Thursday, October 28, 2004

The news from Toronto

There is a controversy brewing in Toronto these days. Or rather a few controversies.
The first is the incident with Dr. Misri, and the second, the remarks of Younus Khatrada, both accused of anti-semitism, with the former also being investigated for hate crimes. And as always, except for a few heated letters to the editor in various newspapers the muslim community lies silent... well, thats not quite true either.
Pakistani-Canadians are busy in another heated exchange, this time on an internet forum. An Urdu website that launched a few weeks earlier VoiceofToronto.com, advertised in a few urdu-language weekly newspapers that they are holding a debate and a poll. The question that is igniting their passions and rage is:
Should musical nights and melas be organized in the holy month of Ramadan?

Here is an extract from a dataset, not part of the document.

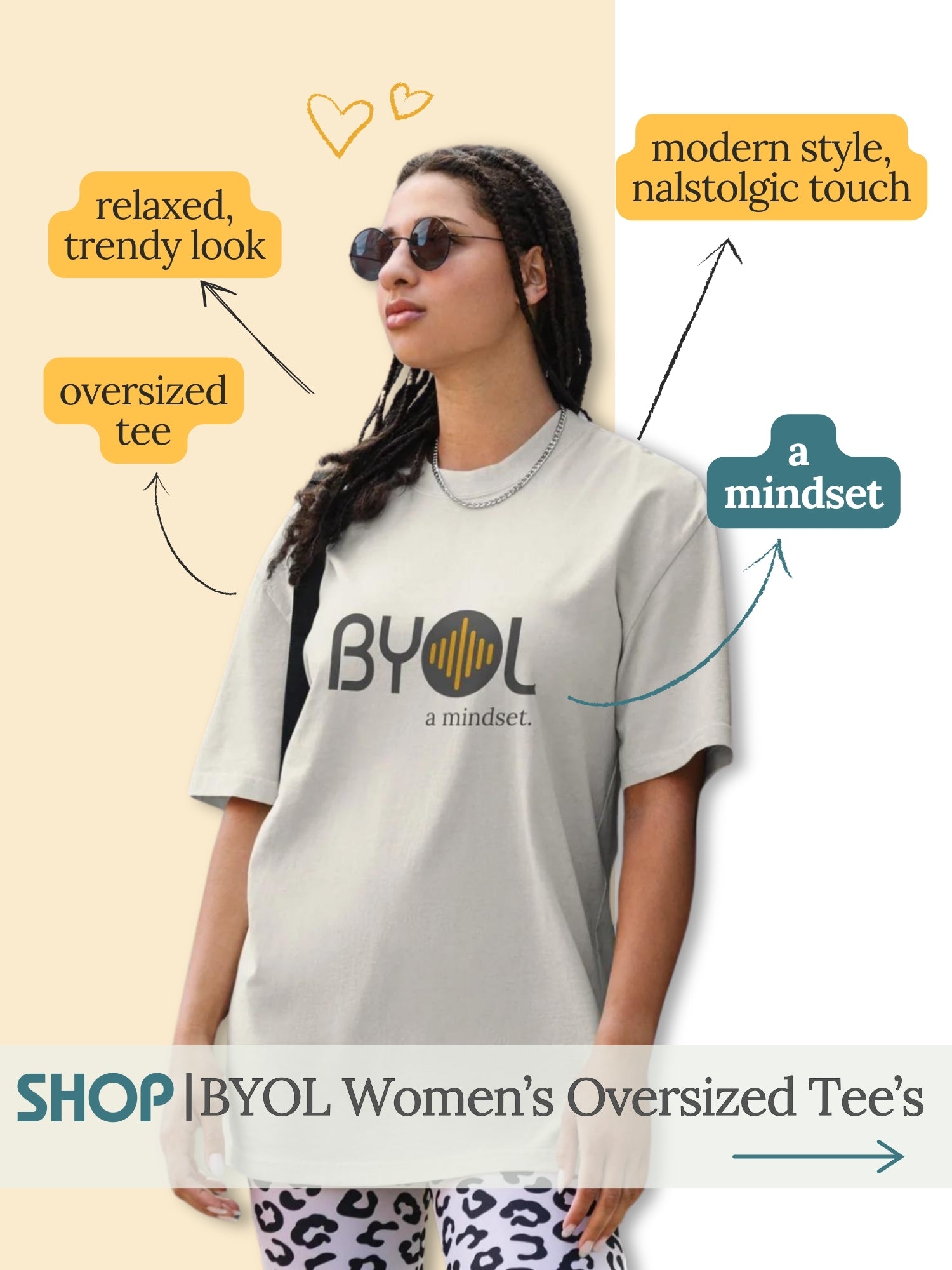 Woman wearing sunglasses and an oversized faded black t-shirt with "BYOL: a mindset" logo, highlighting individuality and self-expression. The t-shirt is perfect for those who embrace their unique style and voice.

The framing of the question is questionable at best, and an eerie reminder of the question posed to the public by a late General to extend his rule on the land of the holy. An arrangement of words, such that the holy is pitted against the unholy, the good and the bad clearly separated. Havent the zealous heard of voting with their dollars? Can it not be solved with individuals deciding for themselves that they will not attend music nights in Ramadan, refusing their money to the attendees, and hence, killing the money machine altogether? Can letters not be sent to the sponsors to convince them that this is not the way to spend their advertising budgets?
And why is a damn mela more of a community issue than the hateful remarks of religious leaders? Or are we too scared, too unconcerned of the yet-another-accusation-against-Islamists?
Why should I be surprised? or disgusted? History is bound to repeat itself. If our elder generations are trapped in a spiral of authoritarian behaviour, relentless dogma and wishful thinking, why should I, even bother to mention all this?
Its a question that I find myself trying to answer these days. The premise of existentialism is that those who do not wish to be helped, can in fact, never be helped. Maybe I should stop caring, give up on the old, and pin my hopes on the young. 'They are past the age where they can change', I can convince myself. Or maybe 'They have never experienced true democracy, debate, dissent and the concept of living with a difference of opinion is alien to them', I can certainly reason well enough. But reason, as Iqbal kept reminding us, is good for the 'how' of the later stages, not the 'why' or the 'what' of the early ones.
Am I, like my predecessors, too willing to give up on the improbable? Scared of the enormousness of the task, will I too, criticize all plans indiscriminately as being partial, and mock efforts to bring change?